**** INFORMATION SHOWN ****

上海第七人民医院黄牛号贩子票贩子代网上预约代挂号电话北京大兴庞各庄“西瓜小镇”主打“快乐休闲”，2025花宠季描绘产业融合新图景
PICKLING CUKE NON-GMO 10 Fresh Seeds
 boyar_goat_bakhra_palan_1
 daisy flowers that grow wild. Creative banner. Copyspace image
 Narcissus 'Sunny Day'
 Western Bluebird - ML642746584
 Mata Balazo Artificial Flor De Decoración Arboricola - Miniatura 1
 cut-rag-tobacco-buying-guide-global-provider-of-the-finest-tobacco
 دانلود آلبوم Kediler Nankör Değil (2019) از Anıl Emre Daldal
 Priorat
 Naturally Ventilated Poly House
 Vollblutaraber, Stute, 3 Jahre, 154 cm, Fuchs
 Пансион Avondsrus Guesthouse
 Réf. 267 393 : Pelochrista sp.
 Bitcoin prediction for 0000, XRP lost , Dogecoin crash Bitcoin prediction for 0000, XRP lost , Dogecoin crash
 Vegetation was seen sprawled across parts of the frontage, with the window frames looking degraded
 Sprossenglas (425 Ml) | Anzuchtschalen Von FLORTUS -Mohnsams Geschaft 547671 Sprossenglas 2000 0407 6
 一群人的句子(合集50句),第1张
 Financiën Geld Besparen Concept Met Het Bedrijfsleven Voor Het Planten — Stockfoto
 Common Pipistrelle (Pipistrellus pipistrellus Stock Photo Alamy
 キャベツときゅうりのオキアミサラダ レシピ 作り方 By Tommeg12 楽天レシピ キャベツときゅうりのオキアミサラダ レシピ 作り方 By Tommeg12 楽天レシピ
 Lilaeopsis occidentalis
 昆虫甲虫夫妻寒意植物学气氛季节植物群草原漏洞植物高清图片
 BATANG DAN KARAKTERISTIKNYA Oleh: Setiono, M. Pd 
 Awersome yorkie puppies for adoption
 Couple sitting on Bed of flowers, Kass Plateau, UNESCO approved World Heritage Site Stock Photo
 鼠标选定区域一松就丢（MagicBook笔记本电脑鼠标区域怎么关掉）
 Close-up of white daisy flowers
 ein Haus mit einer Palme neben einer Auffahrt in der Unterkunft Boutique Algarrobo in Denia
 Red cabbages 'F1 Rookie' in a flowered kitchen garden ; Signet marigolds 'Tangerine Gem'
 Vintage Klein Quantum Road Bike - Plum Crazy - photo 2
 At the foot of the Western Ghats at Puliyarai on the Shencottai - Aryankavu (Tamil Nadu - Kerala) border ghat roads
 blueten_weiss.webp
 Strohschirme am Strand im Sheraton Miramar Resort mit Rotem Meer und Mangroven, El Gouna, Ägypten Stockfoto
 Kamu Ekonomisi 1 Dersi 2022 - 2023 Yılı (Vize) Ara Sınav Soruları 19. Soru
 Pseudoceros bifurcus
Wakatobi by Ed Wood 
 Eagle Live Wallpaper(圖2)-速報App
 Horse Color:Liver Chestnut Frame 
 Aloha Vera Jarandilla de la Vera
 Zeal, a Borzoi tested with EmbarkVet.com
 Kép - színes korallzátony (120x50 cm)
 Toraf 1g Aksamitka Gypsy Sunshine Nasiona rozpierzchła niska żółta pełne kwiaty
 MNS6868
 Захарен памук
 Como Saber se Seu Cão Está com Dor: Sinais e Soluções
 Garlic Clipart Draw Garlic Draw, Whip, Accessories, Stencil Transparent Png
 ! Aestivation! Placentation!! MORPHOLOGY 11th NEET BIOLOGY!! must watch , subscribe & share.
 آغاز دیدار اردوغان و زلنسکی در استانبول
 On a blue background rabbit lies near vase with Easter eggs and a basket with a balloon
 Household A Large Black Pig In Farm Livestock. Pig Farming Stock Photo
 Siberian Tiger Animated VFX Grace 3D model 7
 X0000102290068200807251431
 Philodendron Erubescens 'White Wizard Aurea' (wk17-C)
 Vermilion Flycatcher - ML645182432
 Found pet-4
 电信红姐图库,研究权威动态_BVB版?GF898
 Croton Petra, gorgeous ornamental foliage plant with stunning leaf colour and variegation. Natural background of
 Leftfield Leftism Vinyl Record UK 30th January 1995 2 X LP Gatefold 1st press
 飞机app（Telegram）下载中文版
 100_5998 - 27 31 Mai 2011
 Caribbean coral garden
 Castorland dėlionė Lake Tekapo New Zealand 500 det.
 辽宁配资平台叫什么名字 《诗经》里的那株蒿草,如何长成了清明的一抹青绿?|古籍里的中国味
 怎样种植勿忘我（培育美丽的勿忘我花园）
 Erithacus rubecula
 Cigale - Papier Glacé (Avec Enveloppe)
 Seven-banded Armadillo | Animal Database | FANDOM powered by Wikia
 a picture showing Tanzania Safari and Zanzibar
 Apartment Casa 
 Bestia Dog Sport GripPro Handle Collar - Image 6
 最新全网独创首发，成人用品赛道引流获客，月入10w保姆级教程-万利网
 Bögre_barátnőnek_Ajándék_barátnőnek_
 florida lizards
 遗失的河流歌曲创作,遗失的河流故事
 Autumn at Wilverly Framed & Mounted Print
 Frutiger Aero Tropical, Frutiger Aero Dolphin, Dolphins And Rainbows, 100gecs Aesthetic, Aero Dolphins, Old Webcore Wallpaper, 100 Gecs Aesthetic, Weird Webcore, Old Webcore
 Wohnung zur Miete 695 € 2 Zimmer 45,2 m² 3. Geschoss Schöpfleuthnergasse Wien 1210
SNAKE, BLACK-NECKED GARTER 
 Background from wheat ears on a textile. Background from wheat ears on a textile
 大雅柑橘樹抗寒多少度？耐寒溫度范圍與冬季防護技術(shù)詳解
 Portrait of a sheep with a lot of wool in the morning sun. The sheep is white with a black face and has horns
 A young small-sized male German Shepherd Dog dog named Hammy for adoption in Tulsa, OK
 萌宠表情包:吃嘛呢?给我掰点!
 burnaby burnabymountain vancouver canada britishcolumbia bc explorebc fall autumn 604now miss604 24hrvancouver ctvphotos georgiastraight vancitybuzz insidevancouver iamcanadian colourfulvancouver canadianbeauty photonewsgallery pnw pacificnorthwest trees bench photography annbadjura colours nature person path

****

## EXERCISE
Output each entry exactly. Leave none out.

## EXPECTED ANSWER
上海第七人民医院黄牛号贩子票贩子代网上预约代挂号电话北京大兴庞各庄“西瓜小镇”主打“快乐休闲”，2025花宠季描绘产业融合新图景
PICKLING CUKE NON-GMO 10 Fresh Seeds
 boyar_goat_bakhra_palan_1
 daisy flowers that grow wild. Creative banner. Copyspace image
 Narcissus 'Sunny Day'
 Western Bluebird - ML642746584
 Mata Balazo Artificial Flor De Decoración Arboricola - Miniatura 1
 cut-rag-tobacco-buying-guide-global-provider-of-the-finest-tobacco
 دانلود آلبوم Kediler Nankör Değil (2019) از Anıl Emre Daldal
 Priorat
 Naturally Ventilated Poly House
 Vollblutaraber, Stute, 3 Jahre, 154 cm, Fuchs
 Пансион Avondsrus Guesthouse
 Réf. 267 393 : Pelochrista sp.
 Bitcoin prediction for 0000, XRP lost , Dogecoin crash Bitcoin prediction for 0000, XRP lost , Dogecoin crash
 Vegetation was seen sprawled across parts of the frontage, with the window frames looking degraded
 Sprossenglas (425 Ml) | Anzuchtschalen Von FLORTUS -Mohnsams Geschaft 547671 Sprossenglas 2000 0407 6
 一群人的句子(合集50句),第1张
 Financiën Geld Besparen Concept Met Het Bedrijfsleven Voor Het Planten — Stockfoto
 Common Pipistrelle (Pipistrellus pipistrellus Stock Photo Alamy
 キャベツときゅうりのオキアミサラダ レシピ 作り方 By Tommeg12 楽天レシピ キャベツときゅうりのオキアミサラダ レシピ 作り方 By Tommeg12 楽天レシピ
 Lilaeopsis occidentalis
 昆虫甲虫夫妻寒意植物学气氛季节植物群草原漏洞植物高清图片
 BATANG DAN KARAKTERISTIKNYA Oleh: Setiono, M. Pd 
 Awersome yorkie puppies for adoption
 Couple sitting on Bed of flowers, Kass Plateau, UNESCO approved World Heritage Site Stock Photo
 鼠标选定区域一松就丢（MagicBook笔记本电脑鼠标区域怎么关掉）
 Close-up of white daisy flowers
 ein Haus mit einer Palme neben einer Auffahrt in der Unterkunft Boutique Algarrobo in Denia
 Red cabbages 'F1 Rookie' in a flowered kitchen garden ; Signet marigolds 'Tangerine Gem'
 Vintage Klein Quantum Road Bike - Plum Crazy - photo 2
 At the foot of the Western Ghats at Puliyarai on the Shencottai - Aryankavu (Tamil Nadu - Kerala) border ghat roads
 blueten_weiss.webp
 Strohschirme am Strand im Sheraton Miramar Resort mit Rotem Meer und Mangroven, El Gouna, Ägypten Stockfoto
 Kamu Ekonomisi 1 Dersi 2022 - 2023 Yılı (Vize) Ara Sınav Soruları 19. Soru
 Pseudoceros bifurcus
Wakatobi by Ed Wood 
 Eagle Live Wallpaper(圖2)-速報App
 Horse Color:Liver Chestnut Frame 
 Aloha Vera Jarandilla de la Vera
 Zeal, a Borzoi tested with EmbarkVet.com
 Kép - színes korallzátony (120x50 cm)
 Toraf 1g Aksamitka Gypsy Sunshine Nasiona rozpierzchła niska żółta pełne kwiaty
 MNS6868
 Захарен памук
 Como Saber se Seu Cão Está com Dor: Sinais e Soluções
 Garlic Clipart Draw Garlic Draw, Whip, Accessories, Stencil Transparent Png
 ! Aestivation! Placentation!! MORPHOLOGY 11th NEET BIOLOGY!! must watch , subscribe & share.
 آغاز دیدار اردوغان و زلنسکی در استانبول
 On a blue background rabbit lies near vase with Easter eggs and a basket with a balloon
 Household A Large Black Pig In Farm Livestock. Pig Farming Stock Photo
 Siberian Tiger Animated VFX Grace 3D model 7
 X0000102290068200807251431
 Philodendron Erubescens 'White Wizard Aurea' (wk17-C)
 Vermilion Flycatcher - ML645182432
 Found pet-4
 电信红姐图库,研究权威动态_BVB版?GF898
 Croton Petra, gorgeous ornamental foliage plant with stunning leaf colour and variegation. Natural background of
 Leftfield Leftism Vinyl Record UK 30th January 1995 2 X LP Gatefold 1st press
 飞机app（Telegram）下载中文版
 100_5998 - 27 31 Mai 2011
 Caribbean coral garden
 Castorland dėlionė Lake Tekapo New Zealand 500 det.
 辽宁配资平台叫什么名字 《诗经》里的那株蒿草,如何长成了清明的一抹青绿?|古籍里的中国味
 怎样种植勿忘我（培育美丽的勿忘我花园）
 Erithacus rubecula
 Cigale - Papier Glacé (Avec Enveloppe)
 Seven-banded Armadillo | Animal Database | FANDOM powered by Wikia
 a picture showing Tanzania Safari and Zanzibar
 Apartment Casa 
 Bestia Dog Sport GripPro Handle Collar - Image 6
 最新全网独创首发，成人用品赛道引流获客，月入10w保姆级教程-万利网
 Bögre_barátnőnek_Ajándék_barátnőnek_
 florida lizards
 遗失的河流歌曲创作,遗失的河流故事
 Autumn at Wilverly Framed & Mounted Print
 Frutiger Aero Tropical, Frutiger Aero Dolphin, Dolphins And Rainbows, 100gecs Aesthetic, Aero Dolphins, Old Webcore Wallpaper, 100 Gecs Aesthetic, Weird Webcore, Old Webcore
 Wohnung zur Miete 695 € 2 Zimmer 45,2 m² 3. Geschoss Schöpfleuthnergasse Wien 1210
SNAKE, BLACK-NECKED GARTER 
 Background from wheat ears on a textile. Background from wheat ears on a textile
 大雅柑橘樹抗寒多少度？耐寒溫度范圍與冬季防護技術(shù)詳解
 Portrait of a sheep with a lot of wool in the morning sun. The sheep is white with a black face and has horns
 A young small-sized male German Shepherd Dog dog named Hammy for adoption in Tulsa, OK
 萌宠表情包:吃嘛呢?给我掰点!
 burnaby burnabymountain vancouver canada britishcolumbia bc explorebc fall autumn 604now miss604 24hrvancouver ctvphotos georgiastraight vancitybuzz insidevancouver iamcanadian colourfulvancouver canadianbeauty photonewsgallery pnw pacificnorthwest trees bench photography annbadjura colours nature person path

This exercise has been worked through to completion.